(WORK INSTRUCTION)
After finding "Backlinks animated word" in the data, write out its line and all following lines without change, up to and including the last one. Leave out pictures.

(PROVIDED MATERIAL)
⟨

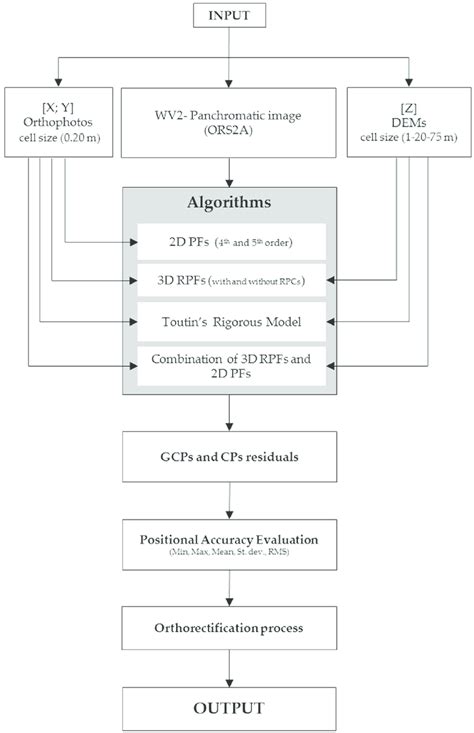 Flowchart of the orthorectification process. Flowchart of the ...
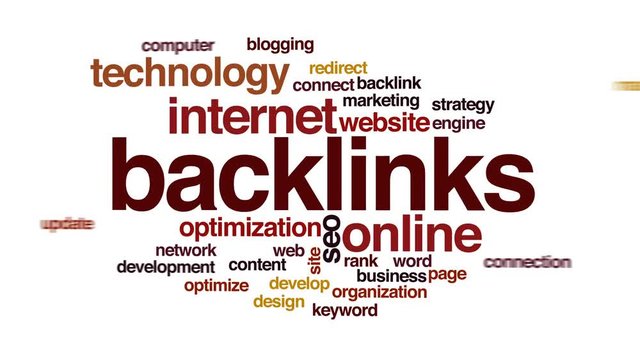 Backlinks animated word cloud, text design animation.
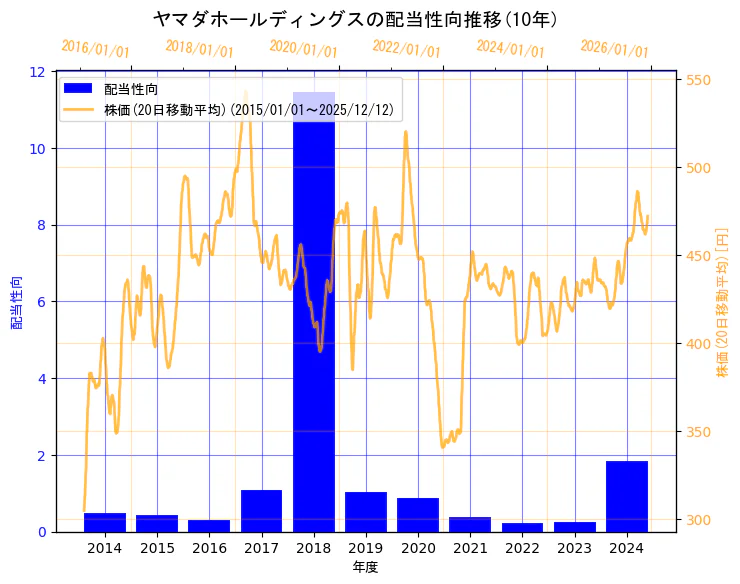 株式会社ヤマダホールディングスの配当性向と株価の10年間推移（2軸グラフ）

⟩

(TASK SOLUTION)
 Backlinks animated word cloud, text design animation.
 株式会社ヤマダホールディングスの配当性向と株価の10年間推移（2軸グラフ）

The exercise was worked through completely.